**Data excerpt:**
• • • •

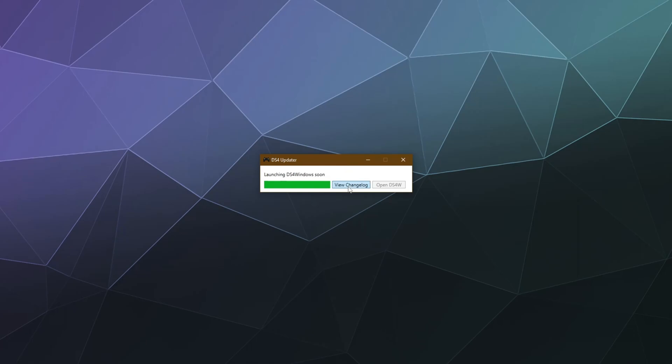I mean, you can view the change log again if you really want to, that'll take you to the website. It'll tell you everything that it does, which it just opened up in my browser and my other window.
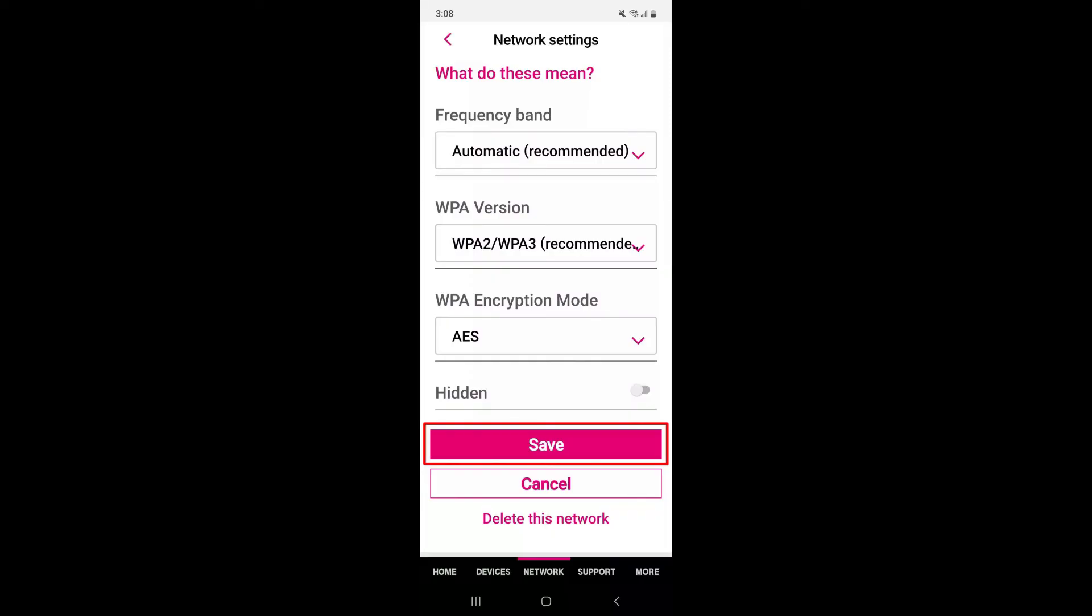This includes smartphones, tablets, computers, smart home devices, etc.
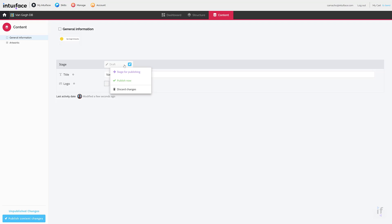No matter what state your data is in, clicking the blue rocket icon will enable you to change its state. There is even a revert option which rolls data back to the previous value.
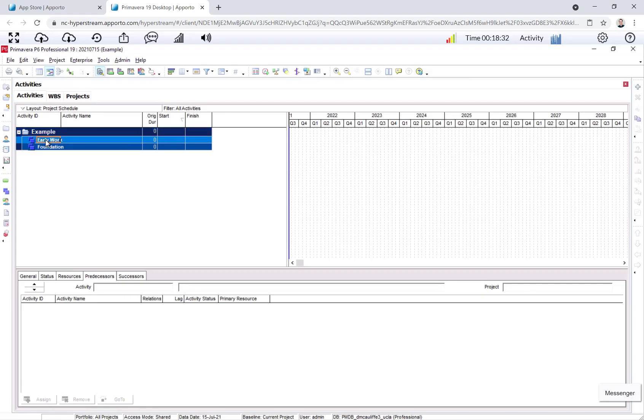Okay, we have our two WBS elements. Let's go ahead and create the schedule now. For early work, I'm going to assign mobilize, deliver piles, excavate, and drive piles. Then I'll use the other six activities for foundation.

• • • •

**Assigned task:**
Restate word for word only the lines that run from the line holding "No matter what" to the end of the data, both ends kept, leaving every picture out.

**Reply:**
No matter what state your data is in, clicking the blue rocket icon will enable you to change its state. There is even a revert option which rolls data back to the previous value.
Okay, we have our two WBS elements. Let's go ahead and create the schedule now. For early work, I'm going to assign mobilize, deliver piles, excavate, and drive piles. Then I'll use the other six activities for foundation.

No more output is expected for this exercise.